Fisher alone petitioned the Supreme Court for certiorari and emerged victorious Monday when a seven-justice majority vacated dismissal.

In addition to the Grutter decision, the justices cited the 1978 case Regents of University of California v. Bakke.

Both of those cases showed required the 5th Circuit to hold the university "to the demanding burden of strict scrutiny, according to the ruling.

"Because the Court of Appeals did not apply the correct standard of strict scrutiny, its decision affirming the District Court's grant of summary judgment to the university was incorrect," Justice Anthony Kennedy wrote for the majority. "That decision is vacated, and the case is remanded for further proceedings."

After a court determines whether a school's "goal of di­versity is consistent with strict scrutiny ... there must still be a further judicial determination that the admissions process meets strict scrutiny in its implemen­tation," according to the ruling.

"The university must prove that the means chosen by the University to attain diversity are narrowly tailored to that goal," Kennedy wrote. "On this point, the university receives no deference."

"A plaintiff, of course, bears the burden of placing the validity of a university's adoption of an affirmative action plan in issue," Kennedy added. "But strict scrutiny imposes on the univer­sity the ultimate burden of demonstrating, before turning to racial classifications, that available, workable race-neutral alternatives do not suffice."

On this point, the 5th Circuit failed to require such proof. It limited Fisher to show only that "whether [the university's] decision to reintroduce race as a factor in admissions was made in good faith," according to the ruling.

On remand, the appellate court must determine whether the school "has offered sufficient evidence that would prove that its admissions program is narrowly tailored to obtain the educational benefits of diversity," Kennedy added.

Justice Elena Kagan did not participate in the court's consideration of the case.

Kennedy was joined by Chief Justice John Roberts and Justices Antonin Scalia, Clarence Thomas, Stephen Breyer, Samuel Alito and Sonia Sotomayor.

Scalia meanwhile used a brief concurring opinion to note his belief that "state-provided education" is not an area exempt from the constitutional prohibition of government discrimination on the basis of race.

Though the justice had voiced this opinion in a partially dissenting opinion to Grutter, Fisher did not ask the court to overrule Grutter so Scalia joined the majority in full.

Justice Thomas likewise said he would have overruled Grutter if that issue had been before the court.

"The worst forms of racial discrimination in this nation have always been accompanied by straight-faced representations that discrimination helped minorities," Thomas wrote.

"The university's professed good intentions can­not excuse its outright racial discrimination any more than such intentions justified the now denounced argu­ments of slaveholders and segregationists," he added.

In a lone dissent, Justice Ruth Bader Ginsburg said the court should have affirmed dismissal.

"I have several times explained why government actors, including state universities, need not be blind to the lin­gering effects of 'an overtly discriminatory past,' the legacy of 'centuries of law-sanctioned inequality,'" Ginsburg wrote. "Among constitutionally permissible options, I remain convinced, 'those that candidly disclose their consideration of race [are] preferable to those that conceal it.'

"Accordingly, I would not return this case for a second look.
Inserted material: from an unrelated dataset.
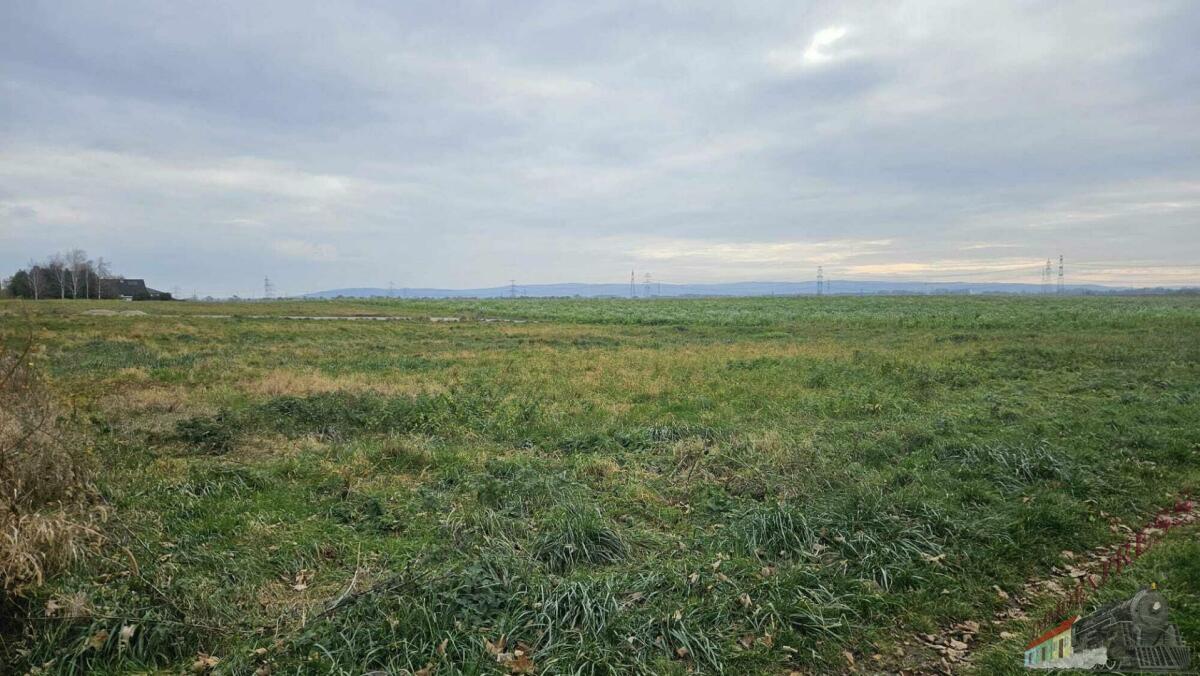 WhatsApp Image 2025-11-16 at 13.45.53 (2)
As the thorough opinions below show, the university's admis­sions policy flexibly considers race only as a 'factor of a factor of a factor of a factor' in the calculus, followed a yearlong review through which the university reached the reasonable, good-faith judgment that suppos­edly race-neutral initiatives were insufficient to achieve, in appropriate measure, the educational benefits of student­ body diversity, and is subject to periodic review to ensure that the consideration of race remains necessary and proper to achieve the university's educational objectives."

Insisting that the 5th Circuit already assessed the tailoring issue, Ginsburg said the court should have affirmed.